Highlighted by Electrek, Tesla President John McNeil responded last week to a prompt on the Tesla Motors Club forum from an owner who said the company should “allow us to perform our own maintenance, which involves releasing service info and software as well as sell us parts.”

McNeil replied: “Just sent you a note on that—in the works!”

It could be an interesting way to circumvent the dealers Tesla is perpetually at war with, who not only sell new cars but often make most of their money off repairs. And if Tesla wants to hit critical mass with the Model 3, it will need repair options.

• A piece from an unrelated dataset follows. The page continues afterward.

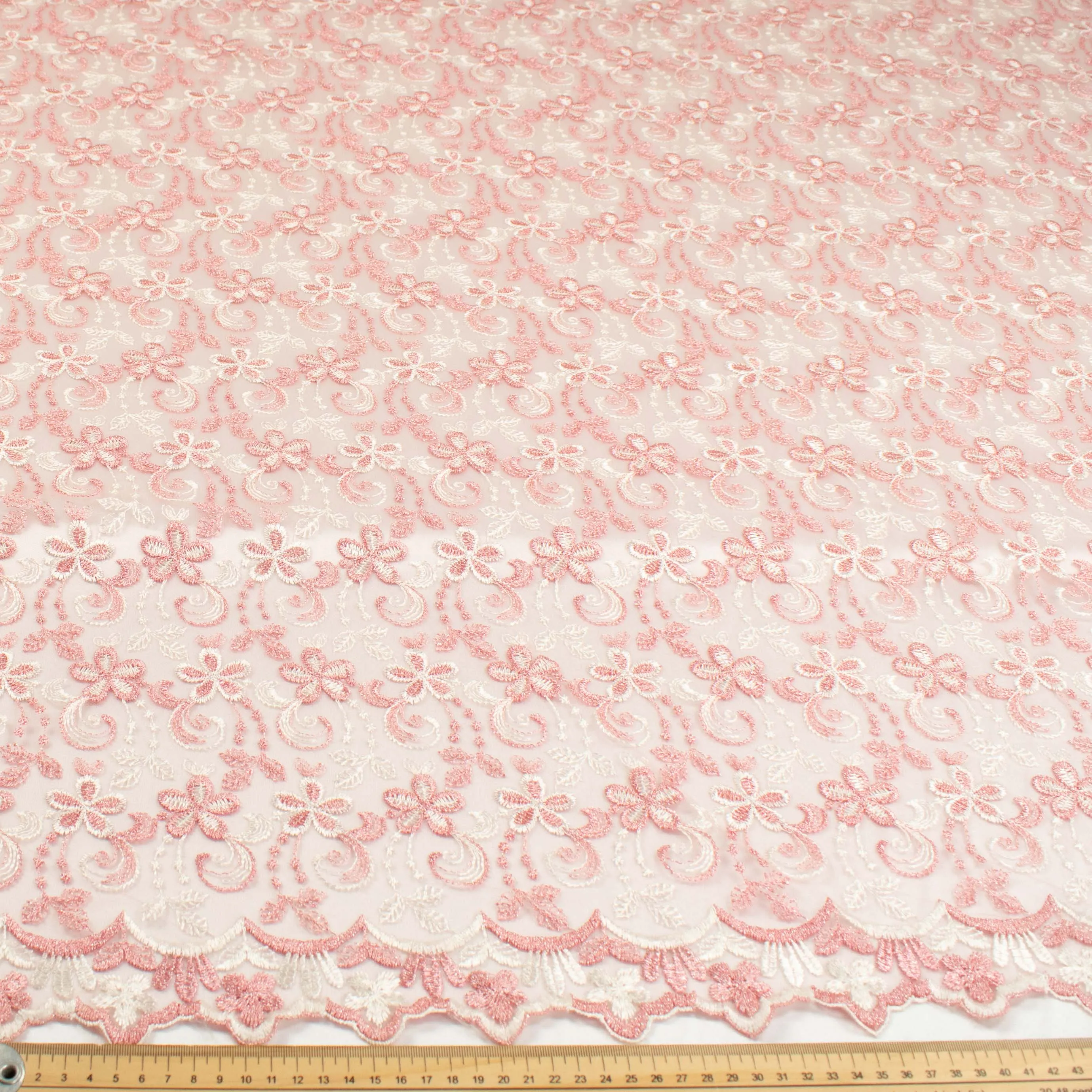 Metallic Floral Lace Design-1 Baby Pink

As Electrek reports, it’s expensive to obtain the information that’s needed to perform repairs on Tesla vehicles. The website says there’s a push across the U.S. right now to approve what’s known as “Right to Repair” laws, which “force electronic manufacturers to sell replacement parts and make their diagnostic and service manuals available to independent repair shops and consumers.” Currently, it’s only enshrined in Massachusetts. From Electrek:

New “Right to Repair” bills have been introduced in Nebraska, Minnesota, New York, Massachusetts, and Kansas. While they are mostly aimed at electronic manufacturers, they are modeled after Massachusetts’ Motor Vehicle Owners’ Right to Repair Act. Most automakers agreed to follow the state law nationwide and make their diagnostic codes and repair data available in a common format by the 2018 model year in order to avoid having state-by-state requirements.


A Tesla spokesperson declined to comment beyond McNeil’s brief remark on the forum, but it’s certainly a nice development for owners itching to handle their own repairs.